Auggy: As of late, I’ve been reading and hearing calvinists who take the position that Calvinism and determinism are not associated. They claim that to believe God has fore-ordained or caused everything does not mean that people do not make meaningful choices…
Tom: I’ve heard the term “Reformed” used to describe people who aren’t theological determinists. But “Cavlinism” and “theological determinism” go hand in hand, Koukl’s comments notwithstanding. Theological determinism is the claim that God decides/decrees everything that happens. It’s a quite simple claim (Westminster Conf & Dort). Whatever freedom is understood to be, it’s “compatible” with it’s being the case that God determined/decreed that I make the choices I make. Of course Calvinists/theological determinists agree we’re free to make the choices we make. You can’t make the choices you actually make if you were not free to make THOSE choices. (Whether and in what sense you’re free to make choices OTHER than the ones you actually make is the debate over freedom.)

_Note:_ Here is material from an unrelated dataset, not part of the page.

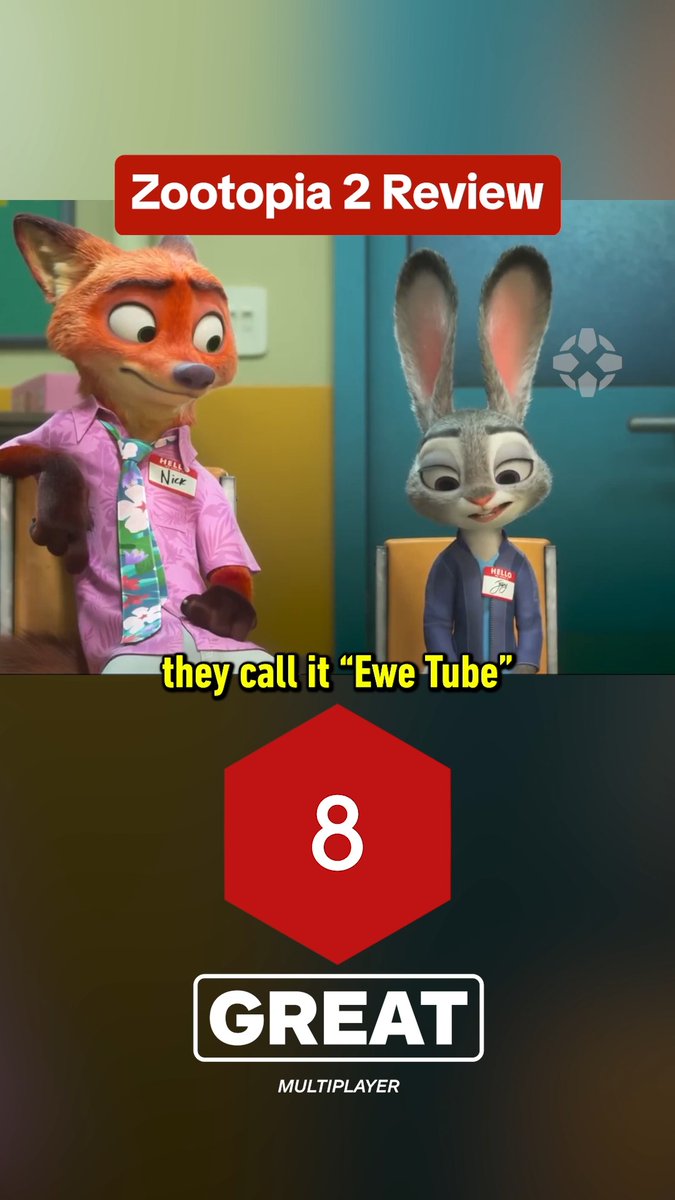 We gave Zootopia 2 an 8 out of 10, it's GREAT! Here's why you should watch Nick & Judy's new adventure in Zootopia:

Westminster Confession: “God from all eternity did by the most wise and holy counsel of his own will, freely and unchangeably ordain whatsoever comes to pass; yet so as thereby [there’s the mystery card played] neither is God the author of sin, nor is violence offered to the will of the creatures, nor is the liberty or contingency of second causes taken away, but rather established.” So too, the Synod of Dort affirms that God ordains “whatsoever comes to pass: yet so as thereby neither is God the author of sin, nor is violence offered to the will of the creatures.”
These passages define “theological determinism”-- God determines what occurs in the world, period. No Calvinist I know denies this.